These, however, are just the initial numbers at 0.2 (0.1) fm/c at RHIC
(LHC), and the major problem is how to get from these to the ones at
later instants and to finally arrive at experimentally visible
quantities. Let us therefore assume, not completely without reason
(see \cite{EKRT99}), that the system is initially thermalized in the
sense that it possesses a correct ratio of energy per particle as far
as the dominant gluonic particle content is considered, and expands
conserving the total entropy $S\approx 3.6 N_i$. As the final
particles consist dominantly of pions, for which $S\approx 4N_f$, we
find that $N_f=0.9N_i$. As the initial volume is $V_i=\pi R_A^2 \Delta
 Y/p_{\rm{sat}}$, formulae (\ref{scalings}) give 

\begin{equation}
N_f=1.245 A^{0.92}(\sqrt s)^{0.383}. 
\label{nf}
\end{equation}

After the conference the very first measurements by PHOBOS
collaboration have been announced \cite{PHOBOS}. According to them,
the charged particle multiplicity at midrapidity is $dN/d\eta=408\pm
12\pm 30$ at 56 AGeV and $555\pm 12\pm 35$ at 130 AGeV. The framework
described here gives $N_{ch}=2/3 N_f=370$ and 530 per unit $\eta$
respecti\-vely, when taking into account that number of participants
was reported to be 330 for $\sqrt s=56$ AGeV and 343 for $\sqrt s=130$
AGeV, and that $dN/dy=1.15 dN/d\eta$.

The final $E_T$ in this scenario is obtained by means of
hydrodynamics \cite{EKRT99,KRMcLG} as 
\begin{equation}
E_T=N_f\times[0.39+0.061\ln(N_f/A)]. 
\end{equation}

Numerical values then per unit $\eta$ are $E_T=260$ GeV for $\sqrt
s=56$ AGeV and $E_T=390$ GeV for $\sqrt s=130$ AGeV using the
multiplicites computed above and the quoted participant
numbers.
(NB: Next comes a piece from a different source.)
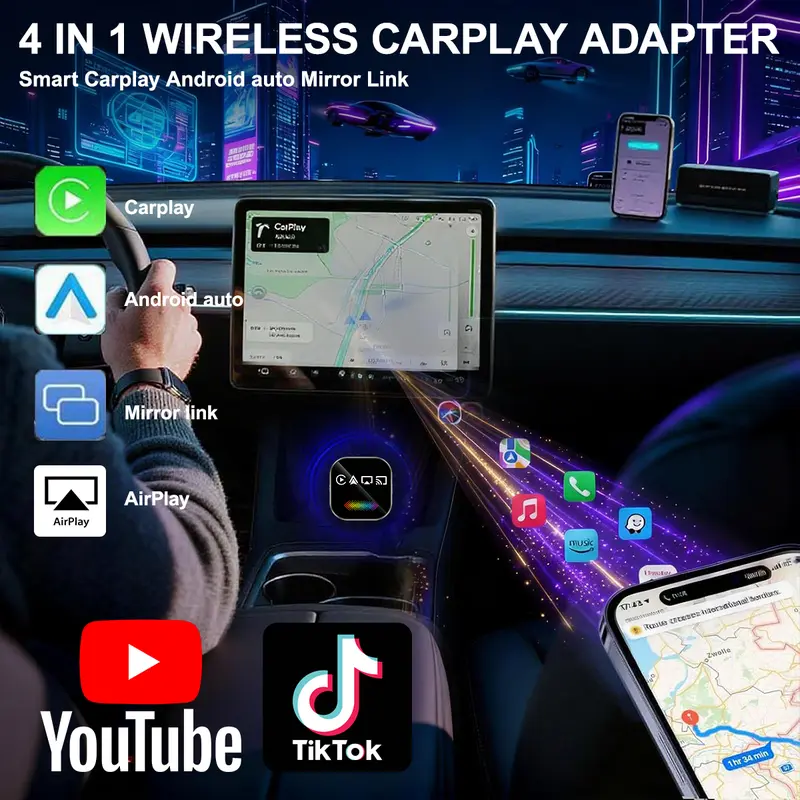2026 Upgrade 4-in-1 Wireless CarPlay Adapter - Mirror Link/AirPlay, Instant Wired to Wireless, Plug & Play Mini Stable Design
Measurements of these final transverse energies are awaited
to appear soon. These measurements will then allow us to draw conclusions
on the issues such as the true degree of thermalization in the system.  

\vspace{0.5cm}

\noindent {\bf Acknowledgements:} I wish to thank K.J. Eskola, K. Kajantie and
P.V. Ruuskanen for collaboration. The financial support from the
Academy of Finland as well as from the organizers of the CIPANP2000
conference is gratefully acknowledged.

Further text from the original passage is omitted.